A few words about G2M4 (that were not censored)

November 4th, 2012

Okay, I looked into G2M4 closer, here’s the output:

As with the previous beast, there are two types of images combined in single tile — so-called synthetic layer and natural layer. What you see if the first layer decoded.

Here’s the general tile structure:

  • Compression subtype (top bits from the first byte).
  • Transparency colour (three bytes)
  • Number of palette entries minus one (one byte)
  • Palette entries (byte triplets)
  • Synthetic layer (16-bit BE chunk size plus deflated data, may be not present)
  • Natural layer (probably headerless JPEG data, too lazy to verify)

Synthetic layer image is (after decompression) contains packed bitmap that uses palette from above, each row is coded as 8-bit flag [packed row data]. If the flag is zero then row data is present (that’s my guess, it always seems to be zero). Row data is just palette indices stored as 1/2/4 or 8 bits per index depending on palette size. Sample output you can see above.

Feel free to complete RE.

FnAQ about G2M2/G2M3

November 3rd, 2012

Just to clarify status: I’m not working on this anymore so anyone can pick it up and finish.

And here are some possible questions that might be asked but more probably won’t.

Q: who cares about this codec anyway?

A: Not me. VLC does.

Q: so why don’t you do it?

A: there are several reasons. First, now I have idea how it works and it’s not that interesting anymore. Second, it would require some debugging and I cannot run that decoder under MPlayer2 (and I don’t use Windows at all).

Q: but wait, there’s G2M4!

A: right, and it uses completely different coding. I might look at it but no promises either.

Q: so, how does it work?

A: the idea is simple. Every frame is divided into tiles and some tiles can be updated from the previous frame or not; some additional information (i.e. mouse cursor shape and position) is also stored in the frame.
G2M2/G2M3 use the technology licensed from Accusoft that combines JPEG and ELS-coded image.

Q: how do they do it?

A: the approach (I call it JPEG-Binary Koder or J-BK for short) is quite simple. Every tile has ELS-coded picture with possible transparency. Transparent areas should be replaced with headerless JPEG data (i.e. only scan data without any markers but with escapes).

Q: sounds easy, where’s the catch?

A: I’m too lazy to catch bugs in my quick JPEG decoder reimplementation and ELS-coded image requires some debugging which I can’t do.

Q: okay, I want to do it, where shall I start?

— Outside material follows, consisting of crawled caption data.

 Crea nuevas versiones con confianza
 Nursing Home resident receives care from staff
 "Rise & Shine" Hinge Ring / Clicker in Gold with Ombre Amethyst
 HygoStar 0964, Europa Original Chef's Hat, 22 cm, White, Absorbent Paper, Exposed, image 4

A: is it the first of April? No? Hmm… Okay, here’s what I would do: grab a copy of g2m.dll (there are enough of them around, in various sizes too), disassemble it.
Find the ELS thresholds table (referenced values are 0x10000, 0x12A00, 0x15C00, 0x19600, 0x1DA00, 0x22800, 0x28500, ...) — the function referencing it is the one used to update ELS coder state, go up from there. Feel free to look at the wiki entry about G2M. Bonne chance!

Teasing

October 6th, 2012

In the recent month I was not very productive, so I’d like to talk about codecs that I’m not likely to finish soon (not that I’m going to finish any codec soon anyway).

GoToMeeting 2/3

G2M2 decoder output (the best I could get)

Here’s the best output I could get from G2M2 or G2M3 data by decoding JPEG part of the tiles. ELS part still needs some work since it’s boring — 10-neighbour prediction, differential pixel decoding and other wonders of binary coder.

Certain Intermediate Codec

I managed to reverse engineer some parts of it. First you have so-called fixed header, then you have strip sizes and then strip data with some header as well. The way it’s coded is also more or less clear. But some connecting details — like how those strips are divided (now it looks like 96×1 macroblocks or equally ridiculous).

Since it’s QuickTime it’s hard to say where are the entry points to the codec and what functions are invoked.
Also the only usable binary (with debug symbols) is PowerPC only. It’s nice platform but I still need to learn some of its peculiarities.

VoxWare MetaSound

It turns out that it is slightly simplified variant of TwinVQ. It does not have variable-length codes, all values are read as fixed bits (depending on sampling rate and bitrate of course). The only catch is that it’s hard to find where such description is retrieved or generated. And existing codebooks are somewhat different.

On buying tickets

August 12th, 2012

I like to travel around, usually by railway — it’s the most comfortable means of transportation (unless you’re talking about Ukrainian trains or French TGV). And the fastest one for short to long distances (planes are technically faster but consider time getting to the airport, from the airport, security checks…).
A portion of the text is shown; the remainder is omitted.